Boone is a member of the Coalition on Revival, a
Christian Reconstructionist organization that
advocates replacing the US Constitution with biblical
law. Throughout his career, he has distinguished
himself from his black clerical colleagues with such
remarks as "I believe that slavery, and the
understanding of it when you see it God's way, was
redemptive" and "The black community must stop
criticizing Uncle Tom. He is a role model."
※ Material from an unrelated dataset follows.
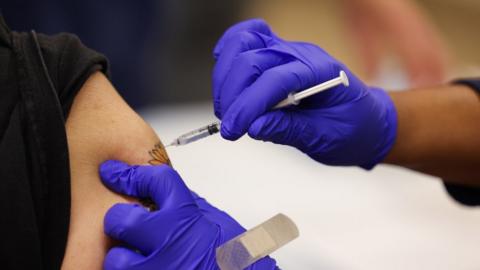 Close-up shot of a Pfizer COVID-19 vaccine booster shot being administered in person's arm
Though Boone's appearance on The 700 Club consisted
mostly of benign appeals for "laser-beam prayer," CBN
featured a separate interview with Boone on its
website in which he declared, "We need to consider the
culture of those people still stranded in New Orleans.
The looting of property, the trashing of property, et
cetera, speaks to the basic character of the people."
He added, "These people who have gone through slavery,
segregation and the Voting Rights Act are doing this
to themselves."

Boone's appearance on The 700 Club had been preceded
by an interview with Operation Blessing President Bill
Horan. Horan discussed his group's activities in
Biloxi, Mississippi, where it plans to set up a mobile
kitchen, and in Houston, Dallas and Beaumont, Texas,
where it is disbursing cash grants to numerous, mostly
unspecified mega-churches, purportedly to support
their work with evacuated hurricane victims.

As for the people still stranded in New Orleans who
"are doing this to themselves," as Boone said,
Operation Blessing has a special plan: avoid them like
the plague.

"I've actually heard reports that they [the people of
Mississippi] were in worse trouble" than those in New
Orleans, claimed Gordon Robertson, the son of Pat
Robertson and vice president of The 700 Club. "They
were actually harder hit."

"Oh, absolutely," agreed Horan.

At the segment's conclusion, Gordon Robertson asked
Horan, "What can people do today? If you were asking
for help today, what's the number-one need?"

"It's cash. Cash is what we need more than anything,"
Horan pleaded. "The more cash we get, the more good we
can do." And the Bush Administration, through FEMA, is
doing its best to insure that Pat Robertson is getting
that cash just as quickly as humanly possible.